The final page showed a city that seemed to glow and rise above the riffle. There was no dimension to the light in the print – but it seemed to radiate above the water, undisturbed and fixed. Even on the page it seemed to sparkle and gleam.

"A city of glass," the driver said.

"This doesn't explain her knowing all those things about these cities," the student stammered. "It doesn't explain anything at all."

When we returned to our bedrolls we were weary with questions and thoughts. All around us stood the testaments of war and strife – blackened by ash and soot and unseen in the darkness. But we could all feel that unseen burden there above us as much we could that of our memories of the city. We all knew that we would return the next day across the demilitarized zone to the remaining refuges and write our stories and tell our families and our friends our encounters of this place.
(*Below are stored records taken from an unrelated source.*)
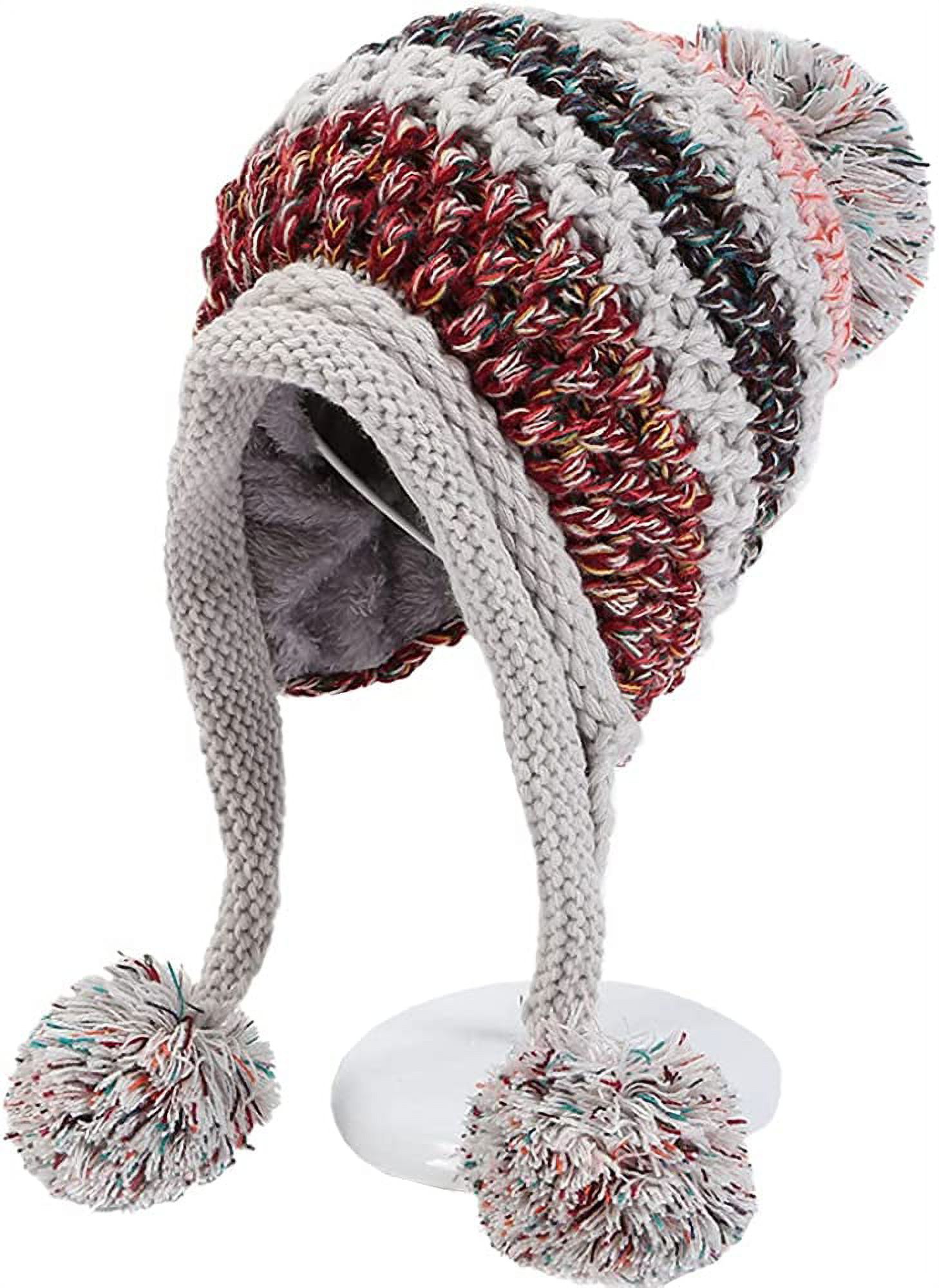 CoCopeaunts Women Winter Peruvian Cover Ears Beanie Hat Ear Flaps Knit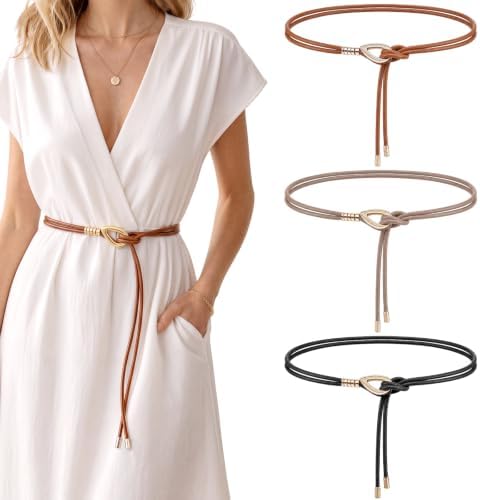 3 Pcs PU Leather Women Knotted Skinny Belts for Dresses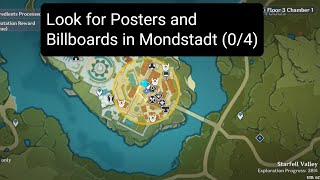 Look for Posters and Billboards in Mondstadt 04  Genshin Impact [upl. by Ainos781]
We would share our photographs and our memories and talk about the great emptiness. We would keep to ourselves that of the dead beasts and of the black lake and of losing a little girl in pale green dress. We would keep those stories to ourselves. As we turned over in our sleeping bags to face the black tile we closed our eyes and dreamed. We dreamed that one day a small field was tilled above the alluvium the river would impart, and that a family told their daughter or son to venture across the leafy wood to emerge where a new city was being built – one that reached above the distant hills in an arc of newfound empire. In our dream we hoped that the daughter or son would tell their own stories about how they reached that city, and how they saw it for the first time, rising upward, unyielding into the light.